Produits dérivés : les galeries diversifient leur offre
Vue du Perrotin Store à la Samaritaine, 2021.
© Claire Dorn / Courtesy the artists & Perrotin / D.R La Samaritaine ©Kaikai Kiki Co., ltd. All rights reserved.

Du livre à la lampe, les grandes galeries multiplient la vente d'objets réalisés à partir des œuvres de leurs artistes. Un débouché commercial fructueux autant qu'un premier pas vers la collection.

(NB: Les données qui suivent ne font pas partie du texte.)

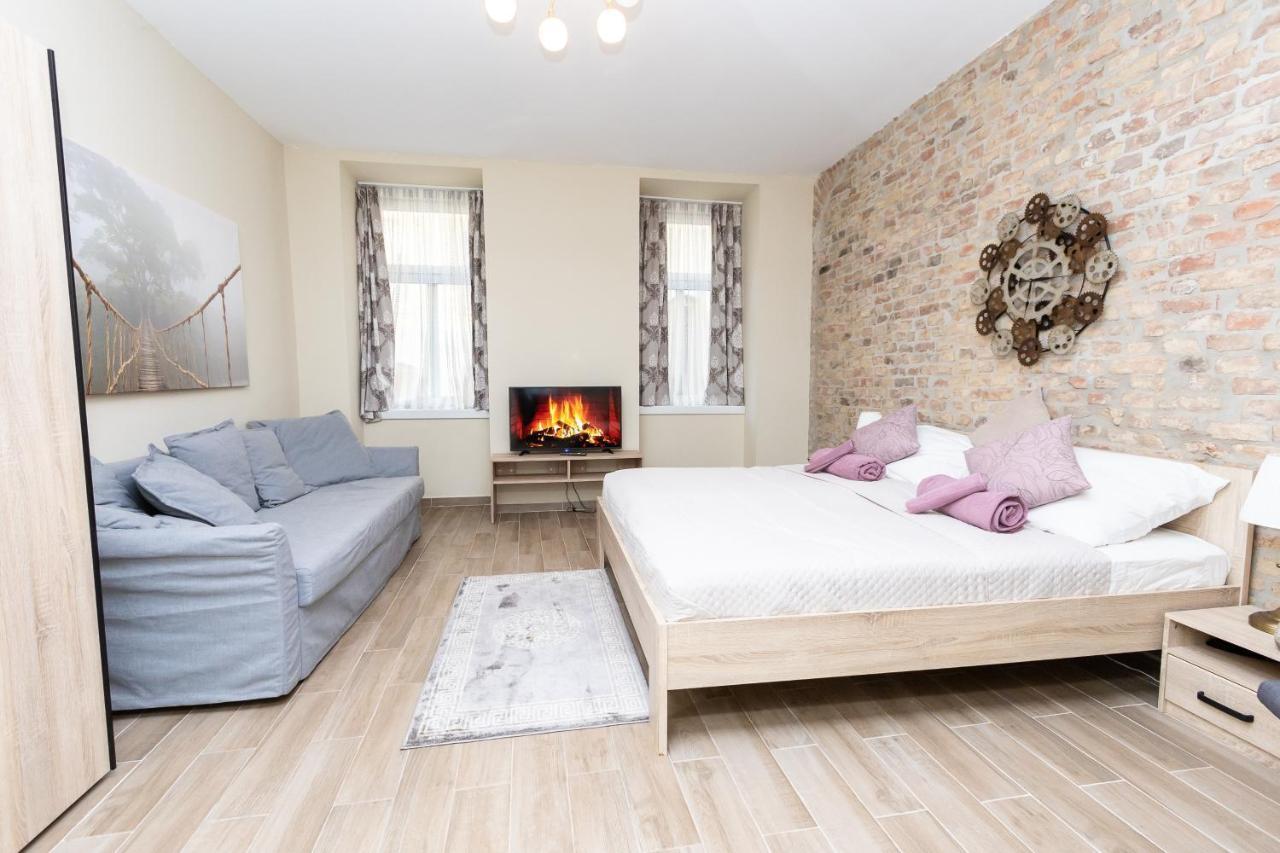 Comfortable Romantic 1 Bedroom Apartment Near Augarten Vienna Luaran gambar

Écharpes, tee-shirts, lampes, assiettes, bijoux, mais aussi multiples et posters en éditions limitées : depuis quelques années, les grandes galeries diversifient leur offre. Hauser & Wirth, Gagosian, Perrotin ou encore Zwirner possèdent aujourd’hui un site dédié entièrement à la vente de produits plus ou moins liés aux œuvres des artistes qu’elles représentent. Ils sont une vitrine virtuelle en même temps qu’une « possibilité d’être accessible dans lieux où nous ne sommes pas présents physiquement. Notre clientèle se trouve majoritairement dans les pays dans lesquels nous sommes déjà établis, mais il ne faut pas oublier que dans chacun, ce n'est que dans une seule ville. Nous avons donc des clients en France qui ne sont pas à Paris, des clients américains qui ne sont pas à New York… Ces derniers peuvent venir une fois tous les six mois physiquement mais commander de façon plus régulière en ligne », indique l'équipe du Perrotin Store, lancé en 2014.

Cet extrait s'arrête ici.